Everything in the listing should be transcribed exactly, apart from the pictures.

» **Information shown**
"""

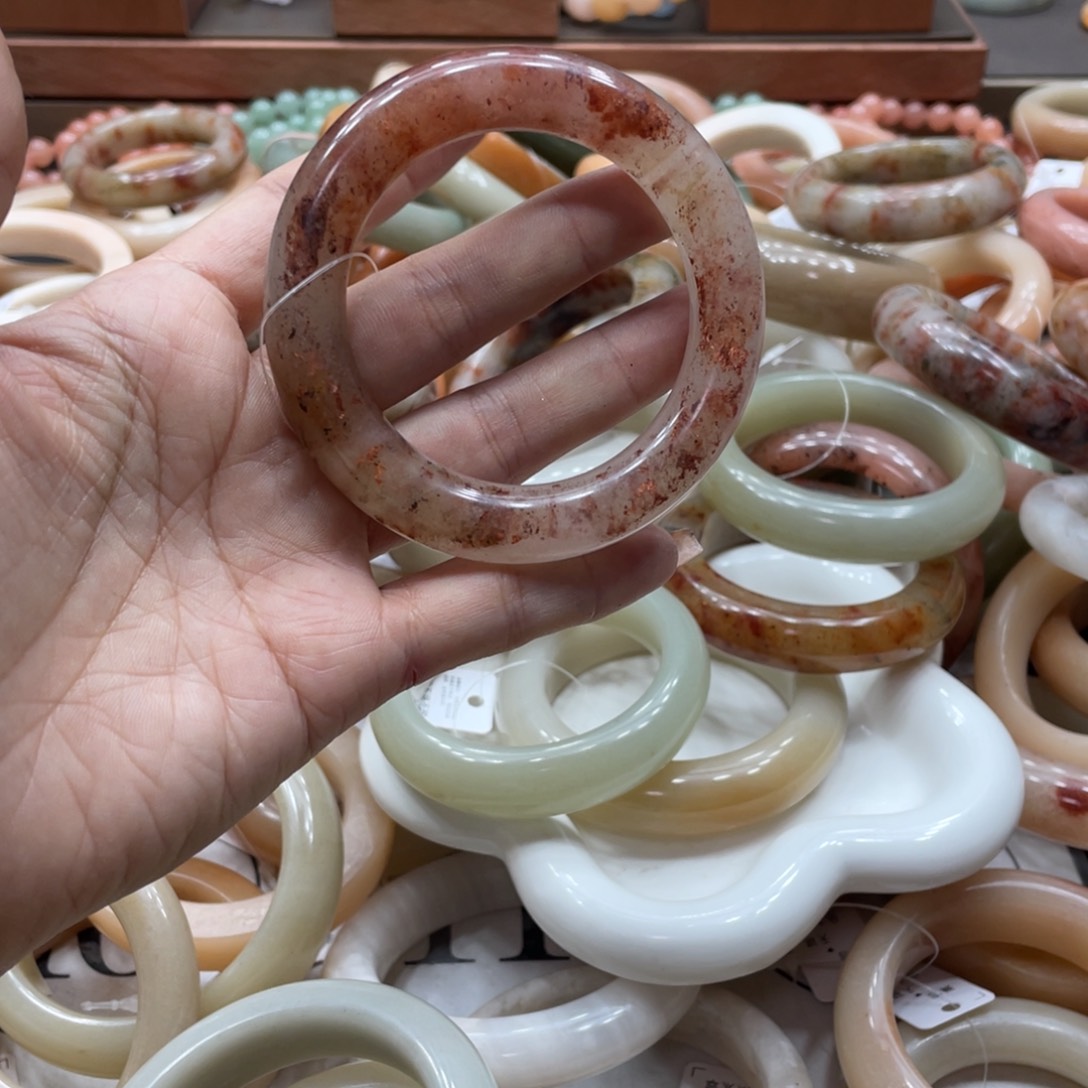 石英岩玉手镯未镶嵌H***e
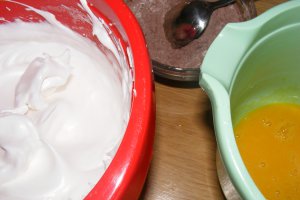 Tort cu crema de banane si mousse de ciocolata
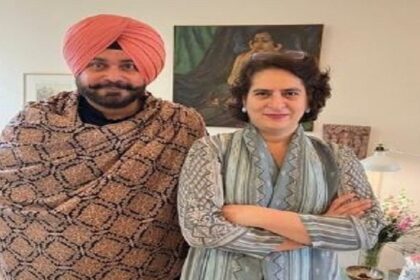 Punjab Politics: कांग्रेस नेता प्रियंका गांधी से मिले नवजोत सिंह सिद्धू, BJP जॉइन करने की अटकलों पर लगा विराम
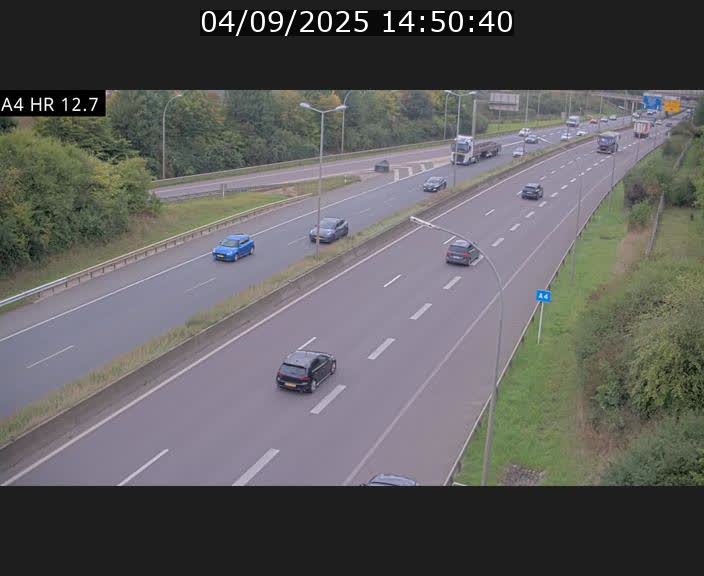 Traffic live webcam Luxembourg Esch sur Alzette - A4 - BK 12.7 - direction Esch-Belval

"""

» **Output of the task**
 石英岩玉手镯未镶嵌H***e
 Tort cu crema de banane si mousse de ciocolata
 Punjab Politics: कांग्रेस नेता प्रियंका गांधी से मिले नवजोत सिंह सिद्धू, BJP जॉइन करने की अटकलों पर लगा विराम
 Traffic live webcam Luxembourg Esch sur Alzette - A4 - BK 12.7 - direction Esch-Belval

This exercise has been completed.